Being me in the world
Home. Briefly. Before the chemo ‘pit-stop’ and we set off for Sedgefield.
Home truly is where the heart is. It seems, though, that we are capable of having different homes. Or senses of being at home.
For me, the farm is home in many ways. That is where a lot of my history lies, where I feel in touch with my heritage, where I have been going since I was born and where Dad was born and his ashes are scattered.
Then there is Sedgefield. Dad and Mum both loved it there and Dad died there. I have only been going there for 20 years, but it has become so much a part of who I am and how we function that it feels as though it has been there forever.
Umdloti also feels like home when we are there. We used to go and stay in Uncle Purdon’s cottage every December and, although that has changed, there is no doubt that part of my heart will always be there.
Then there is Joburg. Really my home. I love it here. I’m not even sure why half the time, but I do. Joburg is where 55 is – so much of a home to all of us for, literally, our whole lives so far.
Joburg is also where our house is, where the six of us have lived for a long time. The house is very full (especially at the moment, after the great ’55 clear up’) of so much, so many things, so many possessions and, even more importantly, so many images and many, many memories.
I am now half way through my chemo – the night before no.3.

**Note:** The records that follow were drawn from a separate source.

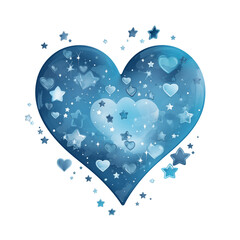 Heart Shape Made Of Blue Stars And Sparkles In A Magical Night Sky Theme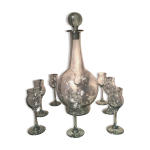 Service a liqueur daum nancy annees 1930 1940 8 verres et une carafe couleur fumee Service a liqueur daum nancy annees 1930 1940 8 verres et une carafe couleur fumee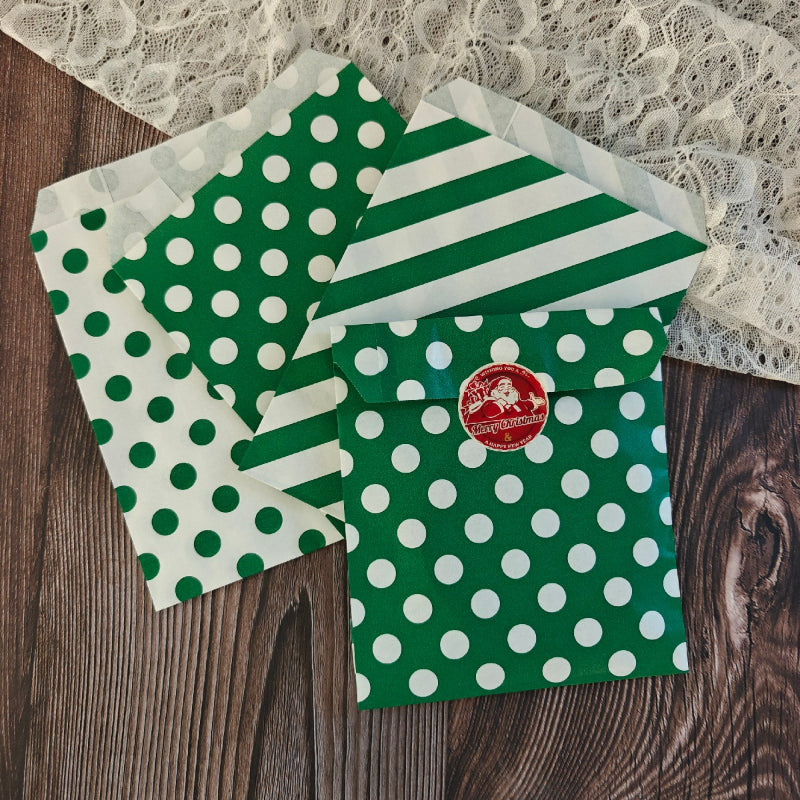 Kraft paper favor bag dark green polka dot and diagonal stripe patterns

I had toyed with the idea of going to Sedge early and having the chemo in George, but the medical aid logistics were too overwhelming. So here we are, kind of in the process of being on holiday. I am really not looking forward to the long journey to Sedge straight after chemo, but I would far rather that than sit around and wait to feel better so that I could travel happily. Hell, that may take 2 weeks! I am glad, though, that it is here, at home, that I wait for tomorrow. There is something about being in familiar, happy surroundings that just gives comfort and makes everything feel calmer.
I love Sedgefield. I am so happy that we are going there and that I will have the time on the beach and in the house to be able to spend dealing with the side-effects of the chemo.
I am as happy, though, to be here and not down there for the actual process.
Home, the place of the heart, can help so much with managing the whole process and experience of being treated.
I face tomorrow and the aftermath with an amount of dread. But also, with the comfort of familiarity.